(Source data)
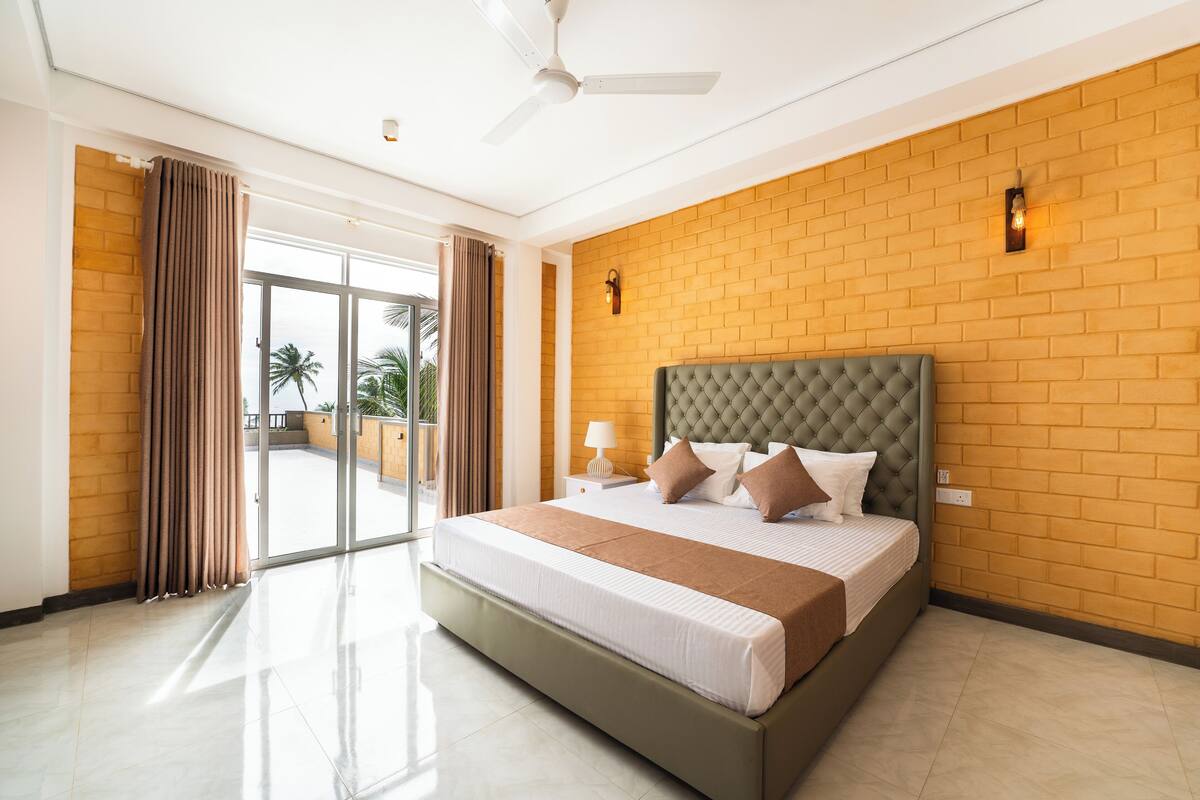 Une chambre d’hôtel moderne avec un grand lit, un ventilateur de plafond et un mur en briques.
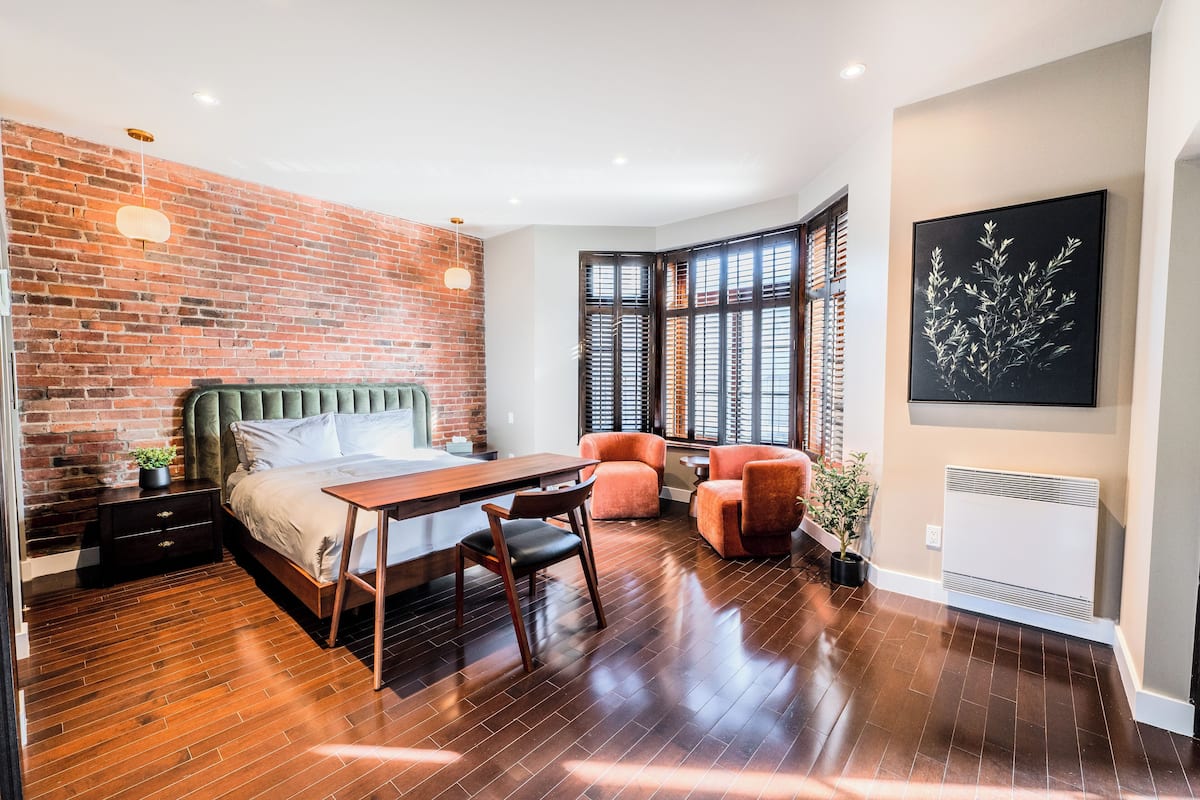 Une chambre moderne avec un mur en briques, un lit, un bureau et deux chaises.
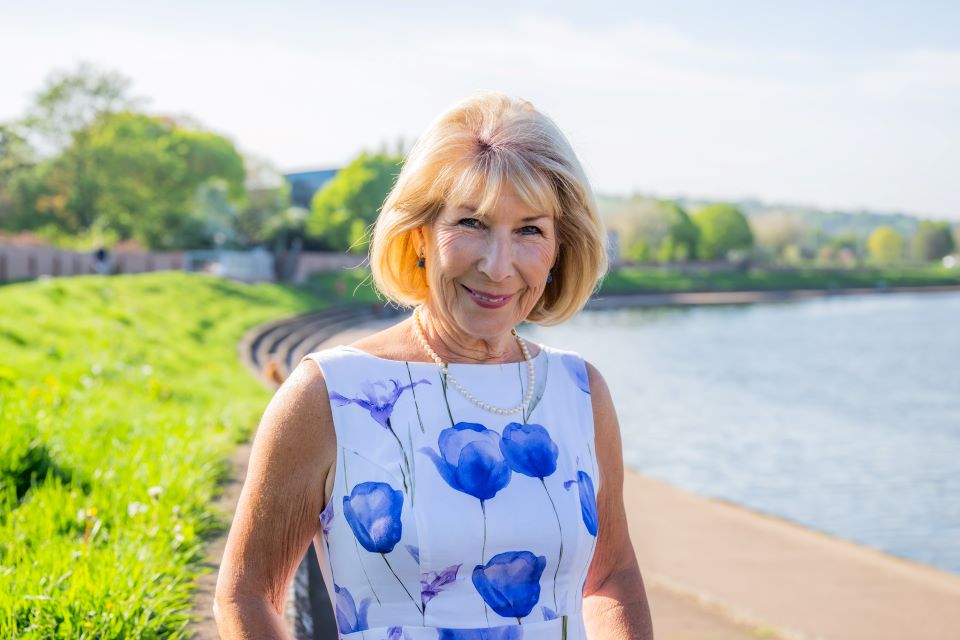 Jennie Bond wearing a floral dress standing near a scenic riverside walkway on a bright day.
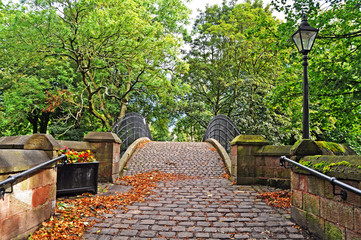 Crossing the old bridge amongst the trees via a traditional cobbled footpath  in the pretty village of Worsley near Manchester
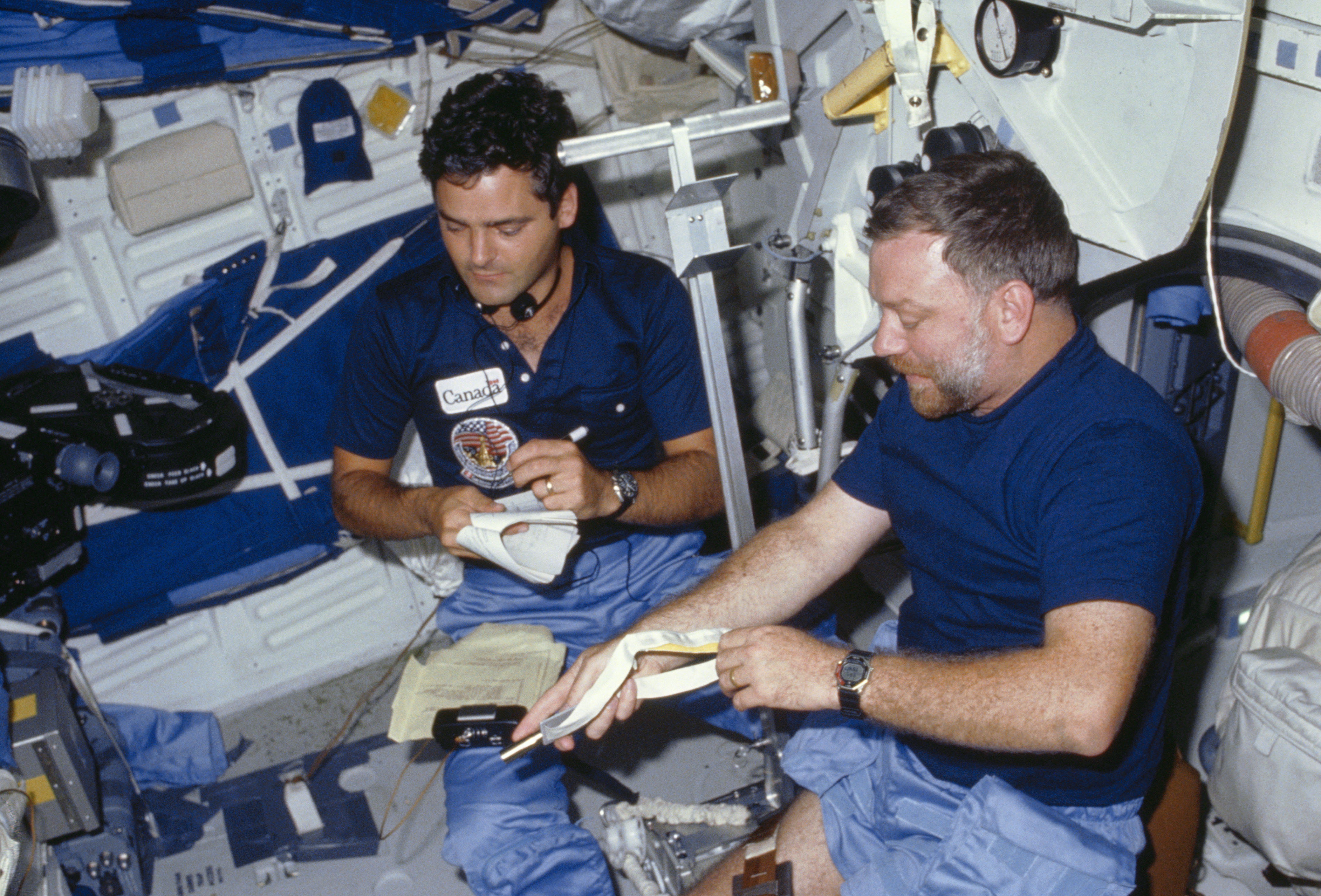 Payload Specialists Marc Garneau and Paul D. Scully-Power working on a Canadian experiment in Challenger’s middeck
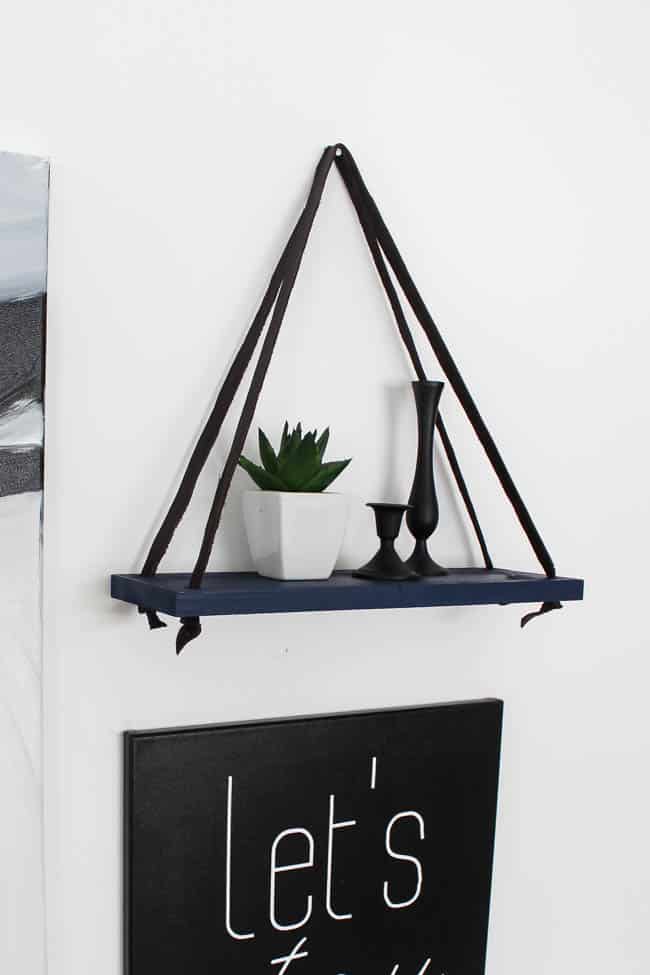 Love this simple modern shelf idea! This simple DIY hanging shelf makes the perfect wall art. If you have some scrap wood and leather you can make this floating shelf in no time! 
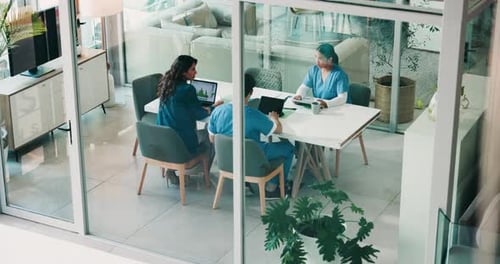 Doctors, meeting and discussion in boardroom at clinic, above and review with laptop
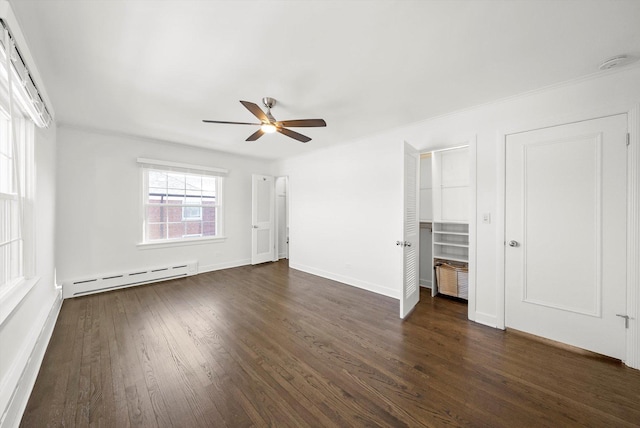 2228 Central St Unit 3, Evanston, IL 60201 - unfurnished living room with baseboard heating, ceiling fan, dark wood finished floors, and crown molding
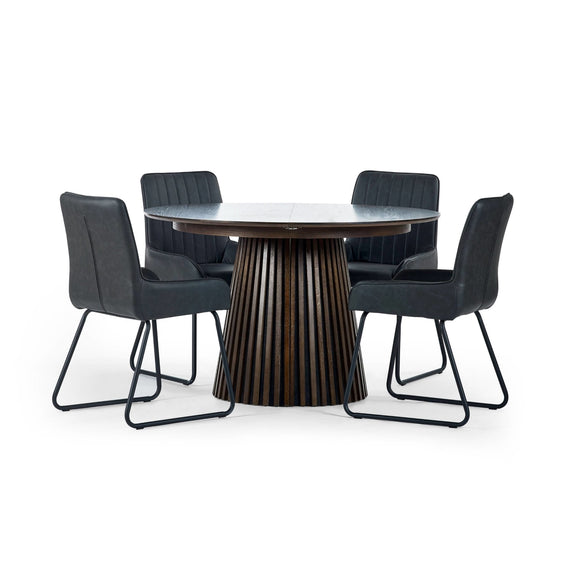 Round dining table with four black chairs on a white background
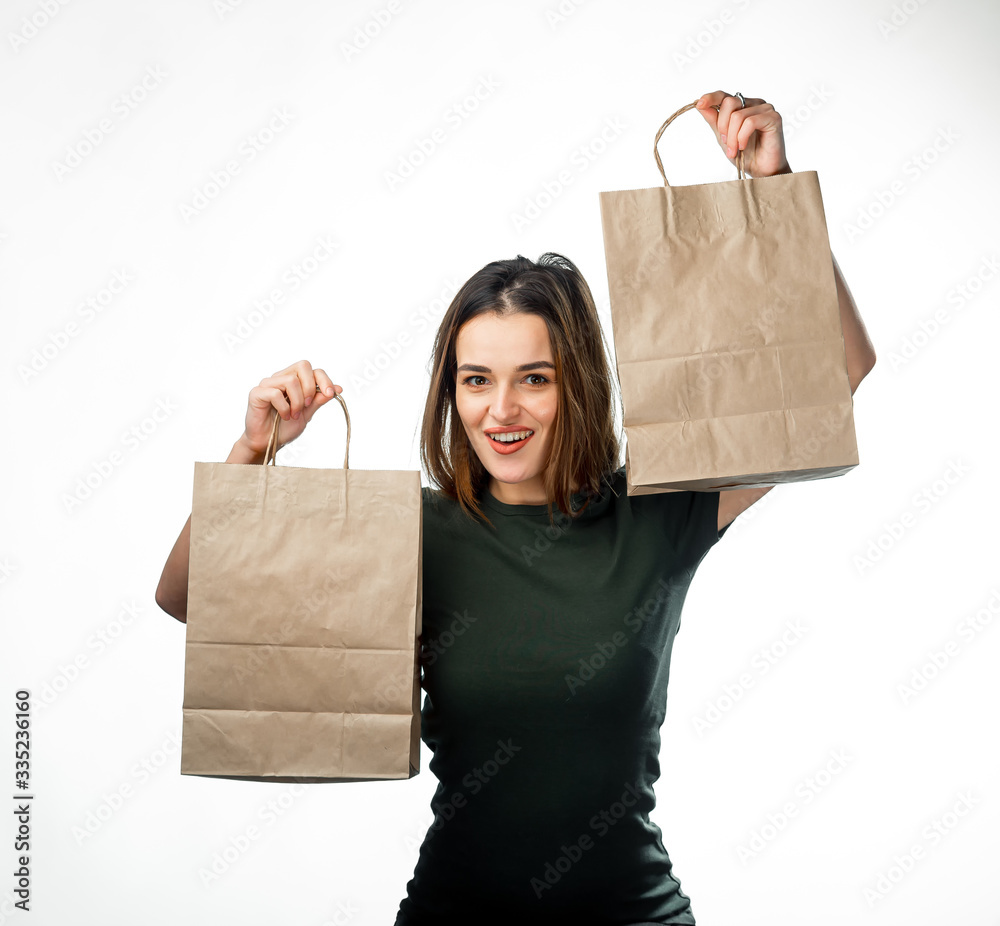 Young woman is holding two grocery shopping bags on white background. Paper bag near face. Isolated 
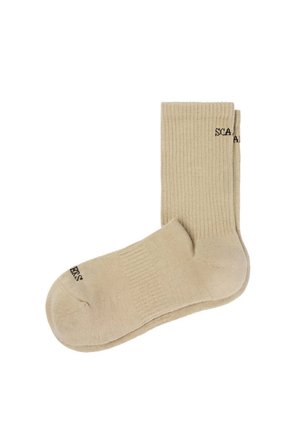 Par de calcetines beige acanalados con logo de texto negro parcial en el puño y la puntera, mostrados planos sobre fondo blanco.
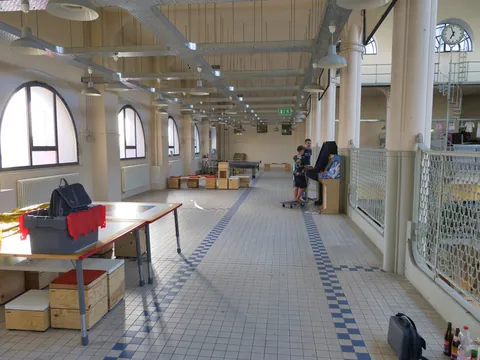 Geräumige Industriehalle mit hohen Decken, Bogenfenstern, kariertem Fliesenboden, Tischen und zwei Personen.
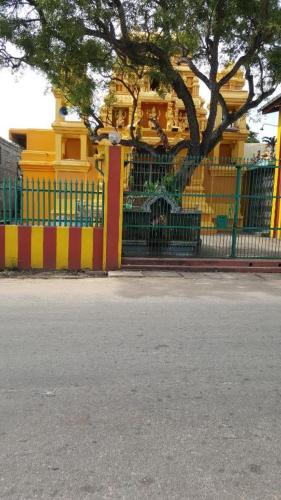 a yellow and red fence with a tree and a building at The villa sunshine kadawala in Dunagaha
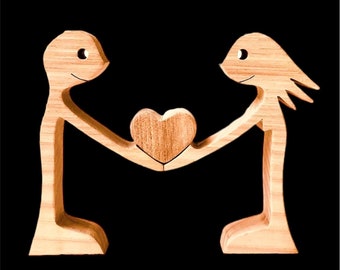 A couple standing together holding a heart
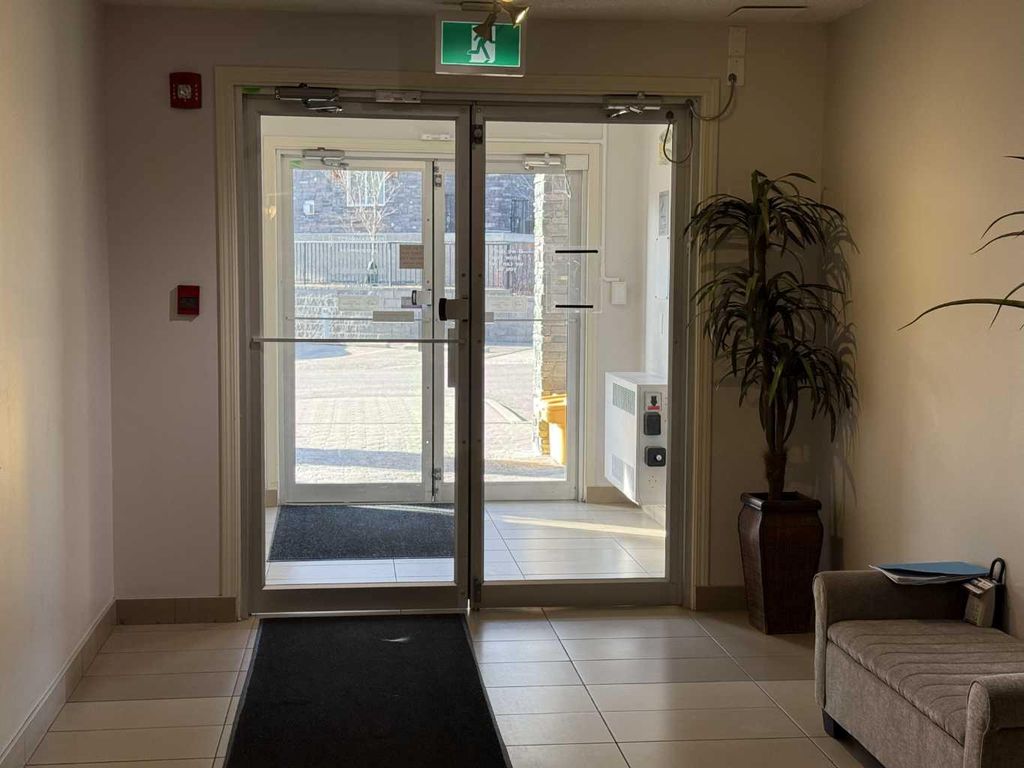 Photo of 175 Panatella Hill NW #1403, Calgary, AB T3K 0V9 (MLS # A2286350)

▶ [ASSIGNMENT] A verbatim copy is needed of the lines running from the line with "Love this simple" to the end of the data above, both included. Keep the pictures out of it.

▶ [ANSWER TO THIS PROBLEM]
 Love this simple modern shelf idea! This simple DIY hanging shelf makes the perfect wall art. If you have some scrap wood and leather you can make this floating shelf in no time! 
 Doctors, meeting and discussion in boardroom at clinic, above and review with laptop
 2228 Central St Unit 3, Evanston, IL 60201 - unfurnished living room with baseboard heating, ceiling fan, dark wood finished floors, and crown molding
 Round dining table with four black chairs on a white background
 Young woman is holding two grocery shopping bags on white background. Paper bag near face. Isolated 
 Par de calcetines beige acanalados con logo de texto negro parcial en el puño y la puntera, mostrados planos sobre fondo blanco.
 Geräumige Industriehalle mit hohen Decken, Bogenfenstern, kariertem Fliesenboden, Tischen und zwei Personen.
 a yellow and red fence with a tree and a building at The villa sunshine kadawala in Dunagaha
 A couple standing together holding a heart
 Photo of 175 Panatella Hill NW #1403, Calgary, AB T3K 0V9 (MLS # A2286350)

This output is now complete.